I have a simple web.py program to load data. In the server I don't want to install apache or any webserver.

I try to put it as a background service with http://www.jejik.com/articles/2007/02/a_simple_unix_linux_daemon_in_python/

And subclassing: (from http://www.jejik.com/files/examples/daemon.py)

class Daemon:
    def start(self):
     """
     Start the daemon
     """
     ... PID CHECKS....

     # Start the daemon
     self.daemonize()
     self.run()
#My code
class WebService(Daemon):
        def run(self):
            app.run()

if __name__ == "__main__":
    if DEBUG:
        app.run()
    else:
        service = WebService(os.path.join(DIR_ACTUAL,'ElAdministrador.pid'))
        if len(sys.argv) == 2:
         if 'start' == sys.argv[1]:
          service.start()
         elif 'stop' == sys.argv[1]:
          service.stop()
         elif 'restart' == sys.argv[1]:
          service.restart()
         else:
          print "Unknown command"
          sys.exit(2)
         sys.exit(0)
        else:
         print "usage: %s start|stop|restart" % sys.argv[0]
         sys.exit(2)

However, the web.py software not load (ie: The service no listen)
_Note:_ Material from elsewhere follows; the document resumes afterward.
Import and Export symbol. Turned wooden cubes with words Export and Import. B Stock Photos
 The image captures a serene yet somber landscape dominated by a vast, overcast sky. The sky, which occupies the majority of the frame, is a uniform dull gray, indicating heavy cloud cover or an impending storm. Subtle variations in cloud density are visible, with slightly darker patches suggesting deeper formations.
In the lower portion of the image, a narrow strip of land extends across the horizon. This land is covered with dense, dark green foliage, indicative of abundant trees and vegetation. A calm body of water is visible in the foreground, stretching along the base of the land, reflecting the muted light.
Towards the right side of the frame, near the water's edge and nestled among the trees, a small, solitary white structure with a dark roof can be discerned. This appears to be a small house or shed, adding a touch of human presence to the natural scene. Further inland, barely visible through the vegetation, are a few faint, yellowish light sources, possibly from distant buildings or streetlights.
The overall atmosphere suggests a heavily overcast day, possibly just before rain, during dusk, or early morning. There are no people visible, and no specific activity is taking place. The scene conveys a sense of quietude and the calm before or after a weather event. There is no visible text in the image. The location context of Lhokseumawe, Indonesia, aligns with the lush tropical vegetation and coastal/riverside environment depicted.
If I call it directly (ie: No using the daemon code) work fine.

Answer 1

I don't think you're telling the daemon to run. You need to instantiate a MyDaemon object and call o.run(). It looks like WebService only starts and stops the service interface to your web app, not the actual web app itself.

Answer 2

I finally find the problem.

Web.py accept from command-line the optional port number:

python code.py 80

And the script also take input from the command-line:

python WebServer start

then web.py try to use "start" as port number and fail. I don't see the error because was in the bacground.

I fix this with a mini-hack:

if __name__ == "__main__":
    if DEBUG:
        app.run()
    else:
        service = WebService(os.path.join(DIR_ACTUAL,'ElAdministrador.pid'))
        if len(sys.argv) == 2:
            if 'start' == sys.argv[1]:
                sys.argv[1] = '8080'
                service.start()

Answer 3

you can start the web.py by using this command

/usr/bin/python index.py > log.txt 2>&1 &